On Mon, May 5, 2025 at 7:30 PM Blaise Boscaccy bboscaccy@linux.microsoft.com wrote:
KP Singh kpsingh@kernel.org writes:
[...]
Now if you really care about the use-case and want to work with the maintainers and implement signing for the community, here's how we think it should be done:
- The core signing logic and the tooling stays in BPF, something that the users are already using. No new tooling.
- The policy decision on the effect of signing can be built into various existing LSMs. I don't think we need a new LSM for it.
- A simple UAPI (emphasis on UAPI!) change to union bpf_attr in uapi/bpf.h in the BPF_PROG_LOAD command:
__aligned_u64 signature; __u32 signature_size;
I think having some actual details on the various parties' requirements here would be helpful. KP, I do look forward to seeing your design; however, having code signing proposals where the capabilities are dictated from above and any dissent is dismissed as "you're doing it wrong" isn't going to be helpful to anyone that needs to use this in practice.

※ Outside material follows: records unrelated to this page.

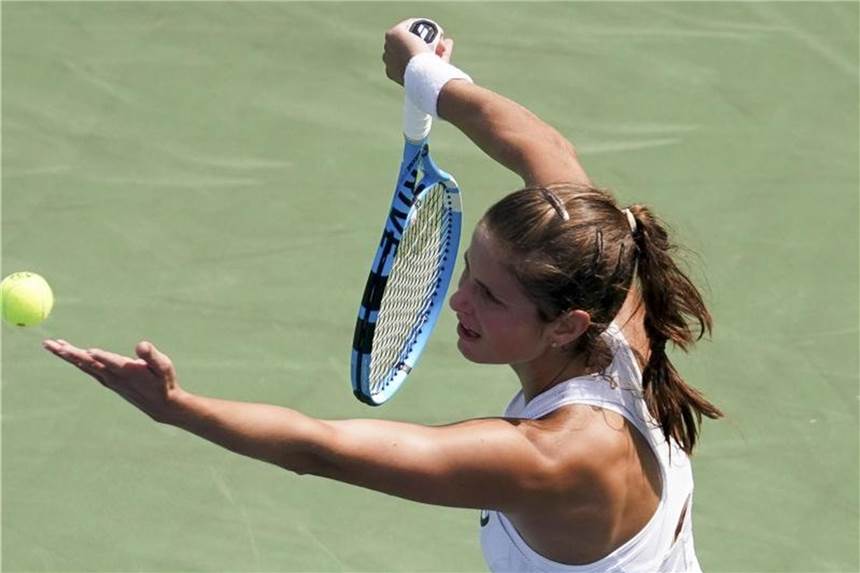 Görges in Tennis-Weltrangliste erstmals Nummer neun Kletterte in der Weltrangliste in die Top-10. Foto: John Minchillo/AP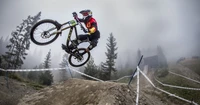 Incredible Downhill Mountain Biking Wallpaper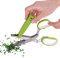 UK Seller | 5 Blade HERB Scissors | Stainless Steel HERB Shears | Comfort Grip & Cleaning Comb Cover Included
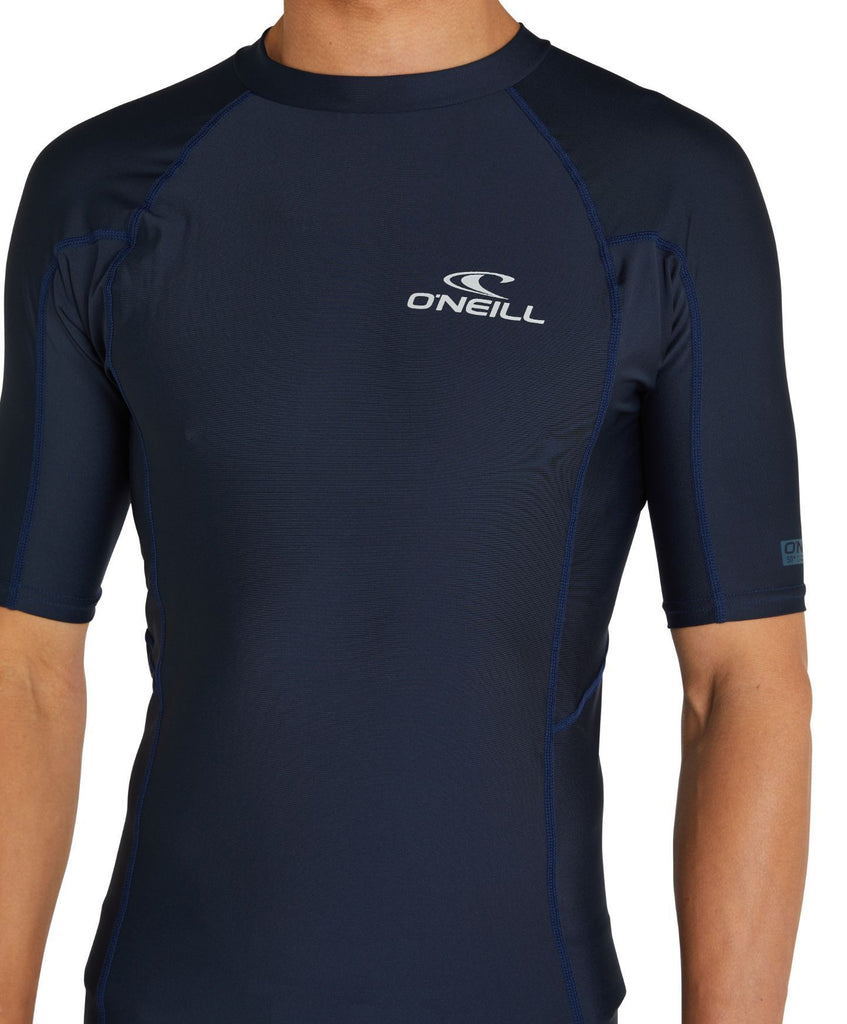 O'Neill Reactor mens UV rash tee - abyss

Please don't misrepresent the facts, you got feedback from Alexei in various threads, but you chose to argue on the points that were convenient for you (i.e. usage of BPF internal APIs) and yet you claim to "work with the BPF community and maintainers" by arguing instead of collaborating and paying attention to the feedback given to you.
1. https://lore.kernel.org/bpf/CAADnVQKF+B_YYwOCFsPBbrTBGKe4b22WVJFb8C0PHGmRAjb...
Your solution to address the ELF loader specific issue was to just allow list systemd? You totally ignored the part about loaders in golang and Rust that do not use ELF. How is this "directive from above?"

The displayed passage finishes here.